**MATERIAL PROVIDED:**
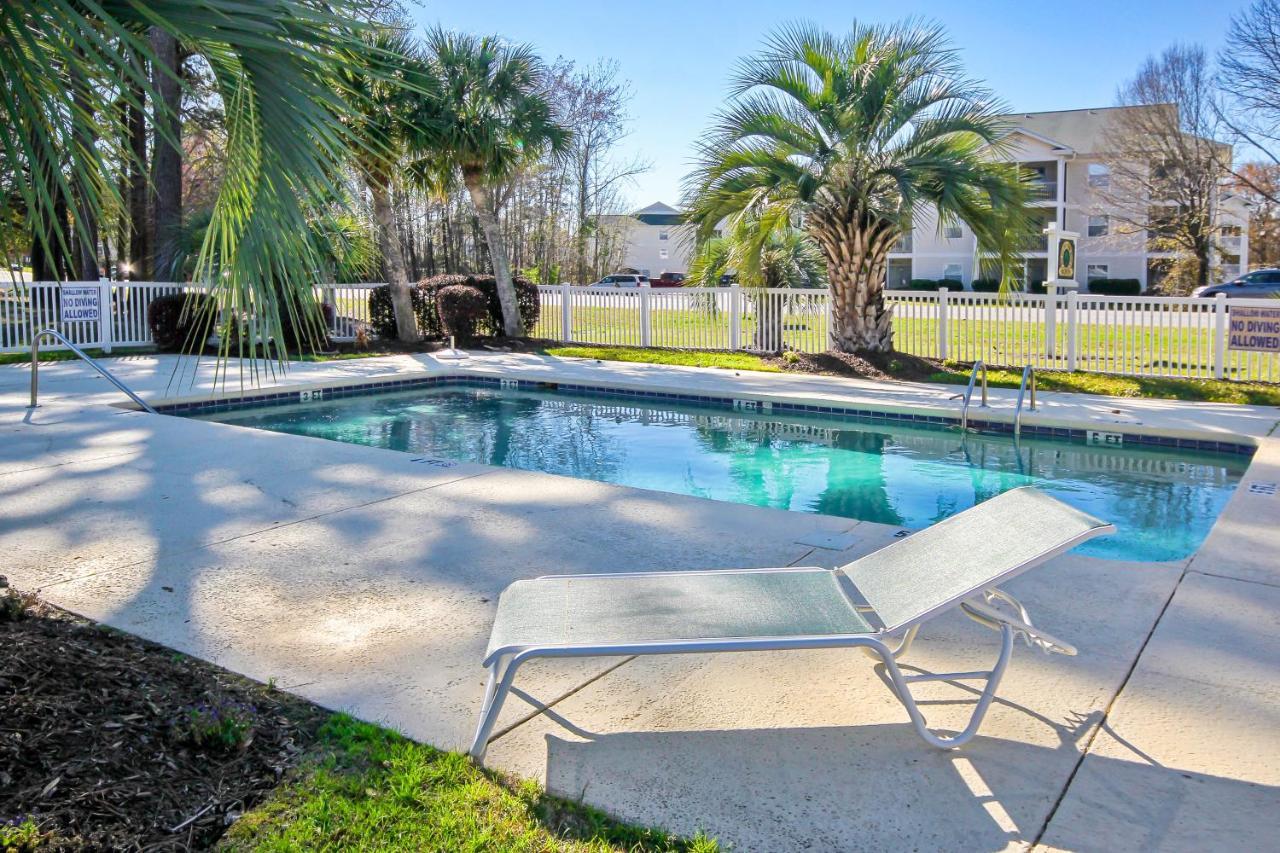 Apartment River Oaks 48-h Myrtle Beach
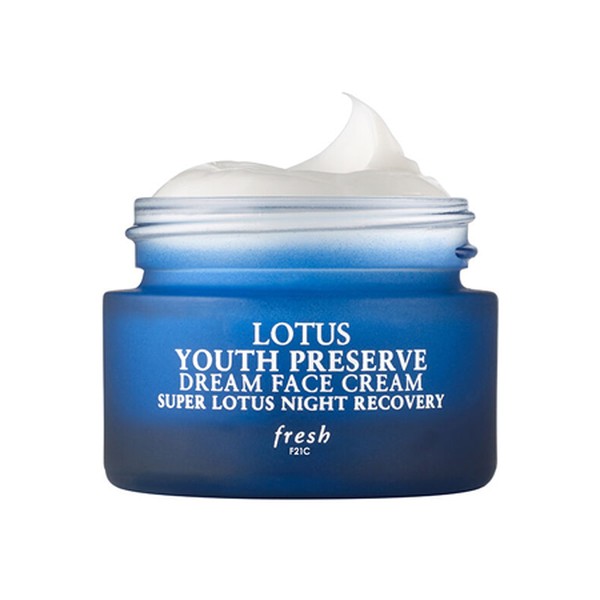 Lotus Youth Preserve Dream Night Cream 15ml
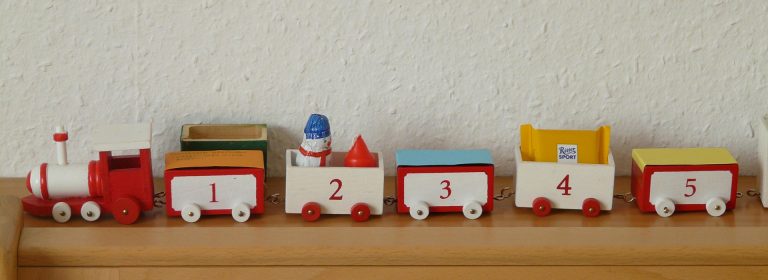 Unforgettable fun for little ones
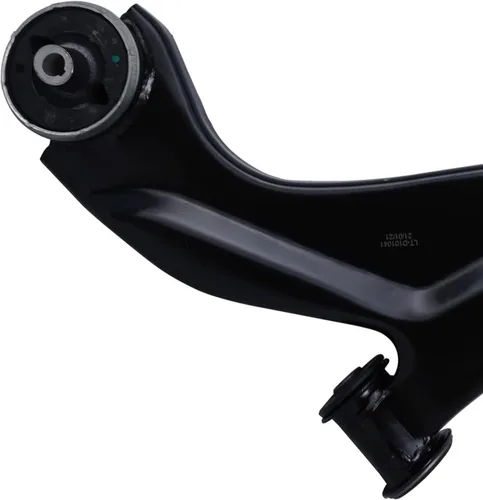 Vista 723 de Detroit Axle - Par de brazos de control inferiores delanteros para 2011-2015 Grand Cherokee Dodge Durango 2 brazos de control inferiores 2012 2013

**WHAT NEEDS TO BE DONE:** Please restate, word for word, the lines from the one with "Lotus Youth Preserve Dream Night Cream 15ml" through the final line of the material, both included, and omit the pictures.

**WRITTEN ANSWER:**
 Lotus Youth Preserve Dream Night Cream 15ml
 Unforgettable fun for little ones
 Vista 723 de Detroit Axle - Par de brazos de control inferiores delanteros para 2011-2015 Grand Cherokee Dodge Durango 2 brazos de control inferiores 2012 2013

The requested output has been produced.